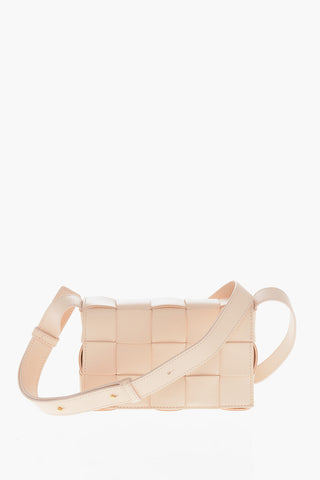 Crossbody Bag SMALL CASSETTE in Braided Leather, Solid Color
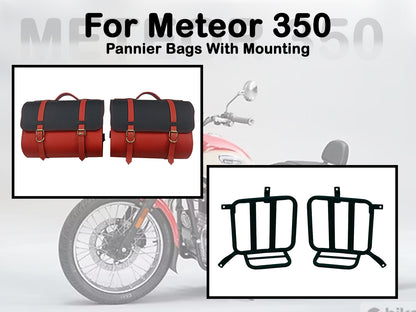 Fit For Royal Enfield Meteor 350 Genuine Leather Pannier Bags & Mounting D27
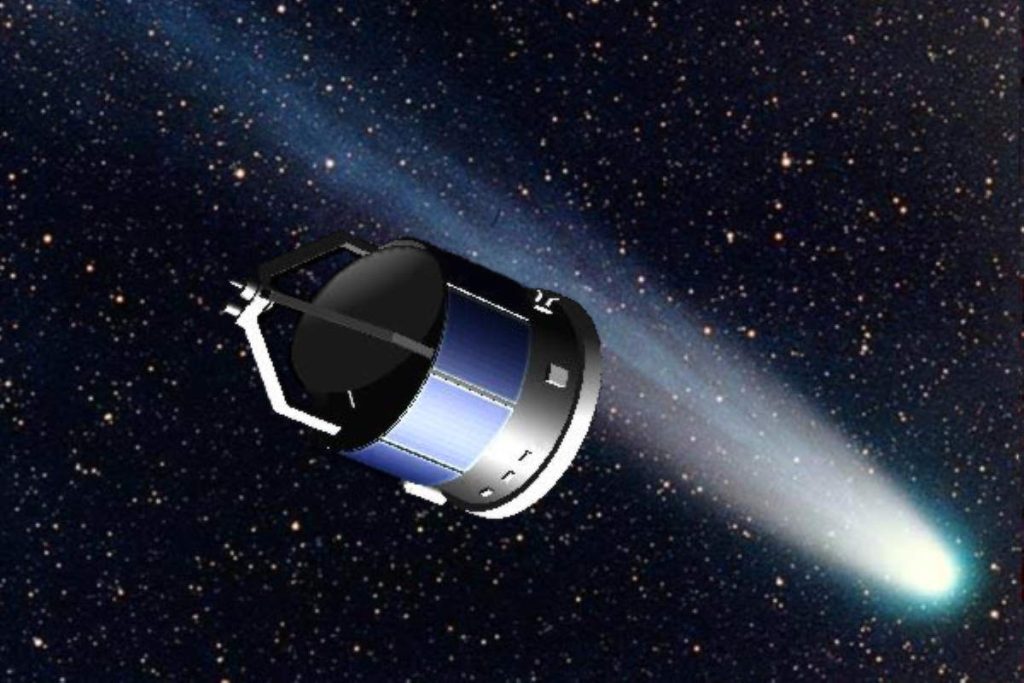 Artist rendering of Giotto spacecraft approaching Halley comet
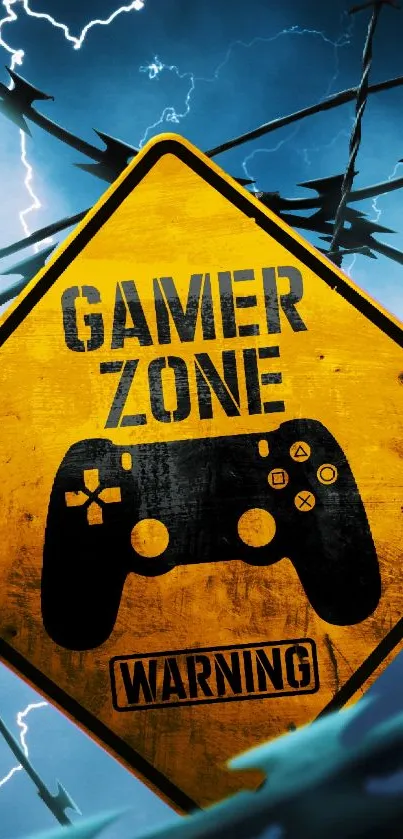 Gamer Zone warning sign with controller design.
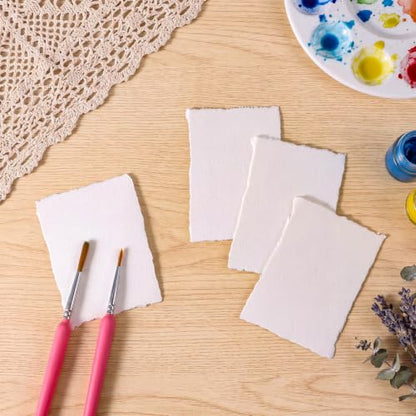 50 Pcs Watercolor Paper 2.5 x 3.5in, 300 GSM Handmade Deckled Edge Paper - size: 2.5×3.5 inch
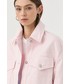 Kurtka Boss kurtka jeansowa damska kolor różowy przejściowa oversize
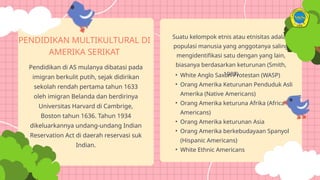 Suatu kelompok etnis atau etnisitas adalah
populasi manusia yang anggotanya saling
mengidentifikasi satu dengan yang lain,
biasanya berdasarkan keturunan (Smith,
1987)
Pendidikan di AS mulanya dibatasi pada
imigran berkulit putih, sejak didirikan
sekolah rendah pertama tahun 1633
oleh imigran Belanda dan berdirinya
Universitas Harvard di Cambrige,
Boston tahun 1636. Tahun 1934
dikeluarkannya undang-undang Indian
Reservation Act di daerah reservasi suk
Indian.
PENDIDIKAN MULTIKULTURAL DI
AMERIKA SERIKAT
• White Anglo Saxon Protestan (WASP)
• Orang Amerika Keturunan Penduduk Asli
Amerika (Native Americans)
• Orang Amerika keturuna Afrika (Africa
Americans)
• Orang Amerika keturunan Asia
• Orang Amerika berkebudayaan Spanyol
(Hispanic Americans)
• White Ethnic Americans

**Assignment**: Begin with the line that holds "Universitas Harvard di" and write out each line from there to the end of the material, exactly as it stands. Include nothing else.

**Solved problem**:
Universitas Harvard di Cambrige,
Boston tahun 1636. Tahun 1934
dikeluarkannya undang-undang Indian
Reservation Act di daerah reservasi suk
Indian.
PENDIDIKAN MULTIKULTURAL DI
AMERIKA SERIKAT
• White Anglo Saxon Protestan (WASP)
• Orang Amerika Keturunan Penduduk Asli
Amerika (Native Americans)
• Orang Amerika keturuna Afrika (Africa
Americans)
• Orang Amerika keturunan Asia
• Orang Amerika berkebudayaan Spanyol
(Hispanic Americans)
• White Ethnic Americans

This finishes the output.